Biography Of Peter Cook
Page 57
The film took three days to knock into shape. While it was being edited, Peter asked Ciara to transcribe the soundtrack for him. ‘So I started typing, hours and hours and hours until late at night. I mean no one discussed money or anything, everybody was so bemused that Peter Cook had walked in off the street. And then he started to tell me, sitting by the typewriter one day, dictating more things to me, all about the What? Party. And he told me all about George, who was his neighbour, who was Minister for Confusion, and he asked me to be the Party Secretary.’ Peter returned to the post-production house day after day, until it became clear to all that he had developed quite an attachment to Ciara. She was eighteen, blonde, pretty and clever, and wore a tiny red mohair jumper; his nickname for her was ‘Red Fluffy Jumper’.

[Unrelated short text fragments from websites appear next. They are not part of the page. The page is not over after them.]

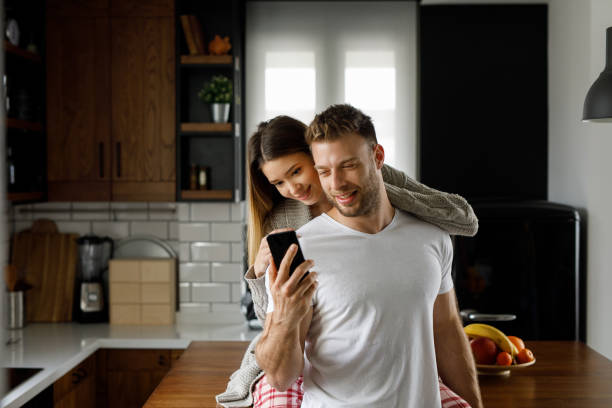 istock Young affectionate couple looking at mobile phone in the kitchen 1202298375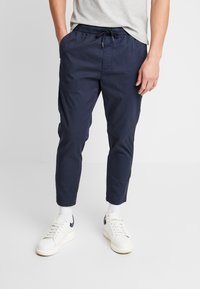 Homme portant un pantalon bleu marine raccourci avec cordon de serrage et des baskets blanches, debout devant un fond blanc uni.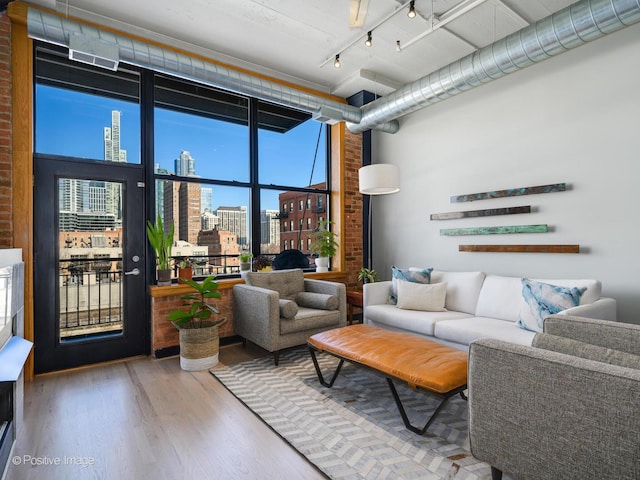 living area featuring a city view, a high ceiling, wood finished floors, expansive windows, and rail lighting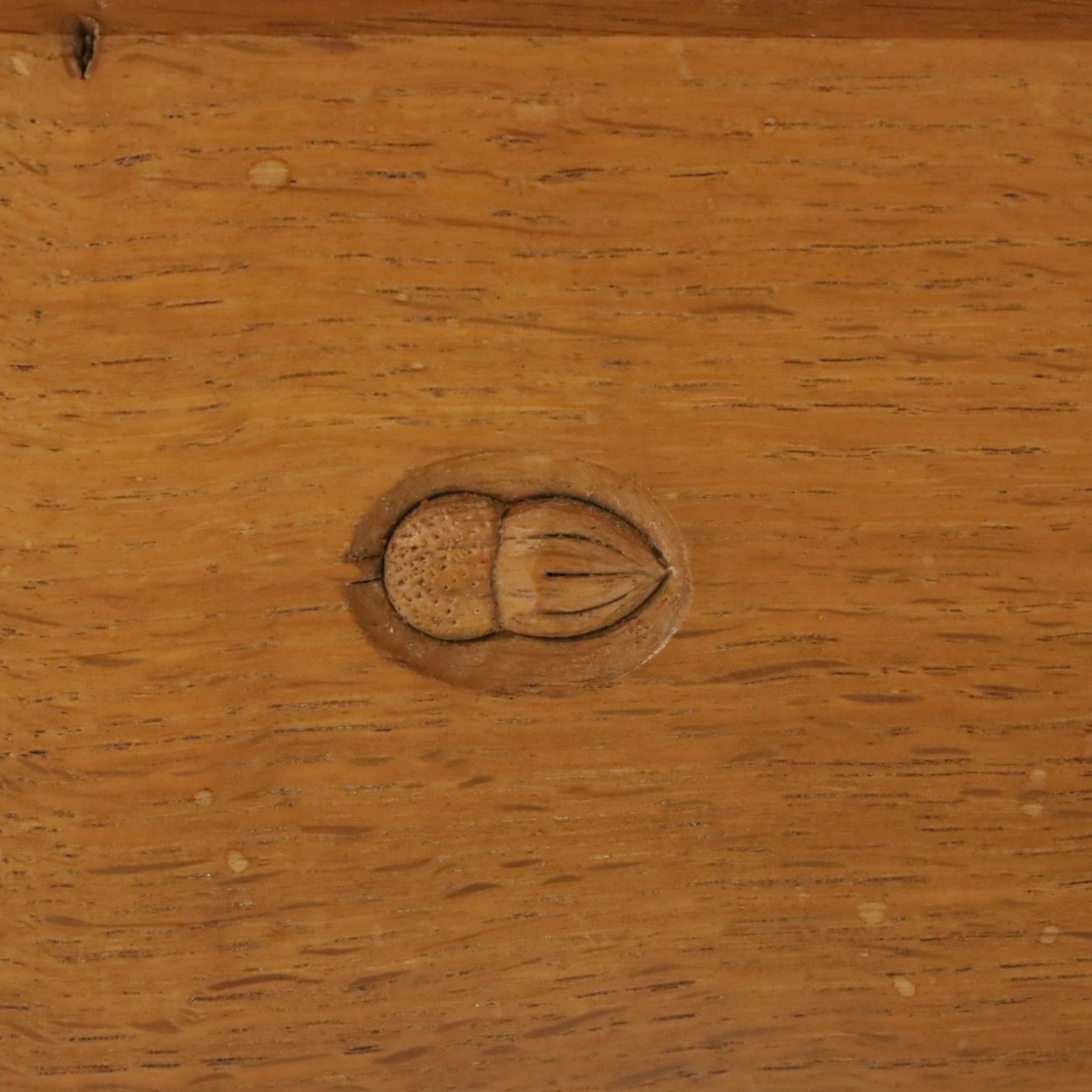 Acorn Industries - oak dining table, rectangular top with rounded corners and chamfered edge, raised on twin lyre-shaped supports united by pegged stretched on sledge feet, carved with acorn signature to stretcher, by Alan Grainger, Brandsby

‘Finally,’ she remembers: ‘he phoned me up one morning and said, ‘Right, I’ve got the What? Party sorted. I’m going on Wogan tonight, at the Shepherd’s Bush Green Theatre.’ He was phoning up about eight times a day at this point on What? Party business, and I was trying to do my job. Anyway, he said, ‘I need some badges made. What? Party badges for everybody to wear and one to give Wogan. Can you make some?’ So I had to get a cab and buy those badges we used to have at school races, and colour them all in and do What? Party logos. Then he phoned again and said, ‘I can’t go on by myself, you’ve got to come on the show with me. Don’t forget to wear your red fluffy jumper.’ I told him that I simply wasn’t going on the show. He said, ‘I’ve already told them that you’re coming on, to talk about the What? Par me, squo; I said, ‘I don’t know anything about the What? Party.’ And he said, ‘That’s exactly right. There’s nothing to know.’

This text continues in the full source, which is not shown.